Mindestlohn: 8,50 Euro für (fast) alle
Arbeitsministerin Andrea Nahles will einen flächendeckenden Mindestlohn von 8,50 Euro für alle Branchen und ab dem 18. Lebensjahr. Doch der Referentenentwurf ist noch kein Gesetz.
Berlin - Der gesetzliche Mindestlohn soll nach dem Willen von Arbeitsministerin Andrea Nahles (SPD) für alle Branchen eingeführt werden. „Der Mindestlohn kommt wie im Koalitionsvertrag verabredet ohne Ausnahmen. Und er kommt pünktlich zum 1. Januar 2015“, kündigte die SPD-Politikerin am Mittwoch an. Der Gesetzentwurf sieht im Wesentlichen für zwei Personengruppen Ausnahmen vor. Jugendliche unter 18 Jahren ohne abgeschlossene Berufsausbildung sollen demnach keinen Anspruch auf den gesetzlichen Mindestlohn in Höhe von 8,50 Euro pro Stunde haben. Und Unternehmen, die einen Langzeitarbeitslosen einstellen, der seit mindestens einem Jahr vergeblich auf Jobsuche ist, können im ersten halben Jahr ebenfalls einen geringeren Lohn zahlen.

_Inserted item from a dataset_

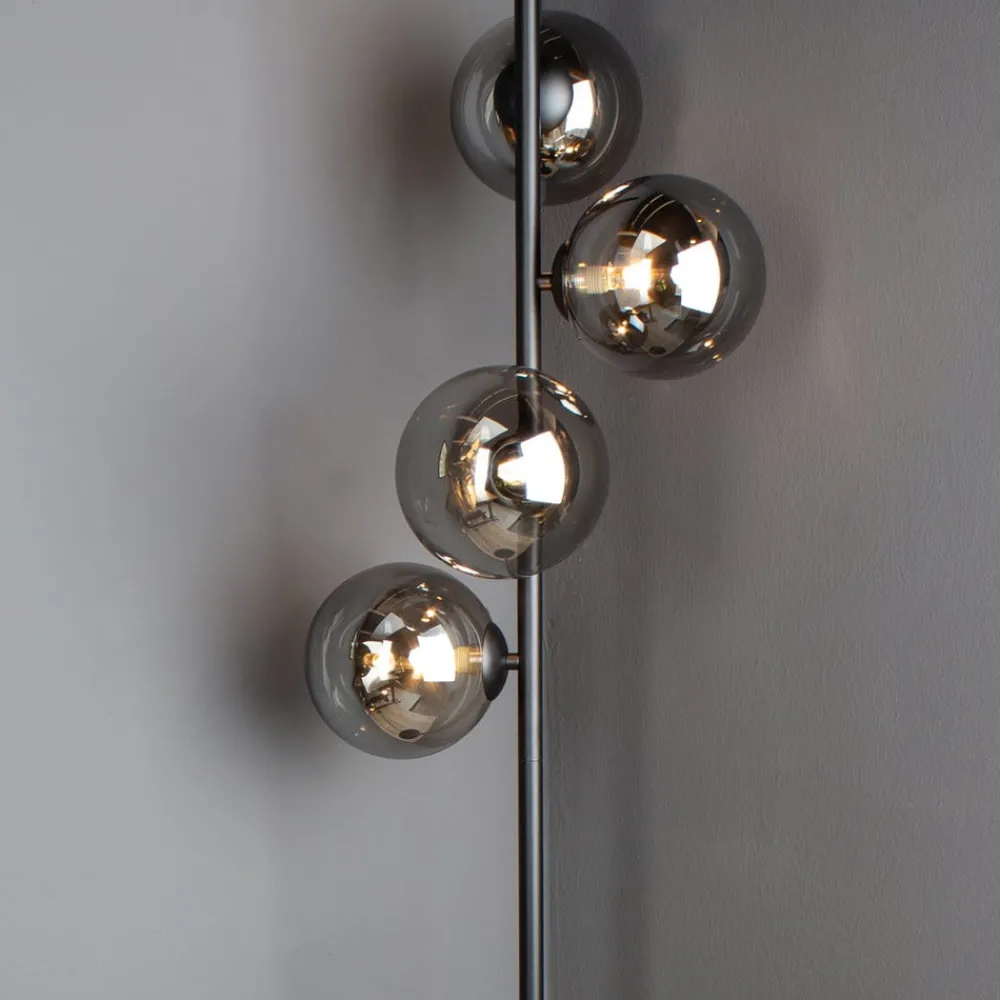 Eco-Light Gulvlamper|Gulvlamper > Neptun gulvlampe med røgglaskugler, sort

Der Mindestlohn ist Teil eines Tarifpakets, das Nahles am Mittwoch zur Abstimmung an ihre Kabinettskollegen und die Verbände gegeben hat. Am 2. April soll das Kabinett den Gesetzentwurf beschließen, bevor sich Bundestag und Bundesrat damit befassen. Mit der geplanten Neuregelung soll es außerdem einfacher werden, Tarifverträge für allgemeinverbindlich zu erklären, so dass sie für alle Unternehmen in einer Branche gelten.
4 Millionen Arbeitnehmer profitieren von Mindestlohn
Der gesetzliche Mindestlohn gehört zu den zentralen Anliegen der SPD. Im Koalitionsvertrag hatten die Sozialdemokraten auf einem Mindestlohn ohne Ausnahmen bestanden – abgesehen von Ehrenamtlichen, die nicht zu den „normalen“ Arbeitnehmern gezählt werden. Doch in den vergangenen Monaten hatte es immer wieder Forderungen aus der Union gegeben, Bereiche auszunehmen, etwa Rentner, Minijobber, Studenten oder Erntehelfer. Auch die Wirtschaft will Ausnahmen vor allem für schwer vermittelbare Arbeitslose, während die Gewerkschaften auf einem flächendeckenden Mindestlohn beharren.
SPD-Chef Sigmar Gabriel sagte am Mittwoch, kein Arbeitnehmer werde künftig in Deutschland unter 8,50 Euro verdienen. „Das betrifft vier Millionen Menschen.“ Der Vizekanzler begrüßte, dass es keine Branchenausnahmen gebe. Darüber hatte Gabriel am Dienstagabend mit der CDU-Chefin Angela Merkel und dem CSU-Vorsitzenden Horst Seehofer beraten. Der Mindestlohn soll laut Gesetzentwurf „für alle Arbeitnehmerinnen und Arbeitnehmer“ gelten. Auch Praktikanten sollen grundsätzlich Anspruch auf die 8,50 Euro haben, es sei denn, es handelt sich um ein Pflichtpraktikum „im Rahmen einer Schul-, Ausbildungs- oder Studienordnung“. Ein Praktikum von bis zu vier Wochen „zur Orientierung für eine Berufsausbildung oder für die Aufnahme eines Studiums“ soll ebenfalls nicht mit dem Mindestlohn vergütet werden. Für Jugendliche bleibt es bei der Altersgrenze von 18 Jahren, die Nahles vorgeschlagen hatte. Wirtschaftsverbände hatten ebenso wie Teile der Union mindestens 21 Jahre gefordert.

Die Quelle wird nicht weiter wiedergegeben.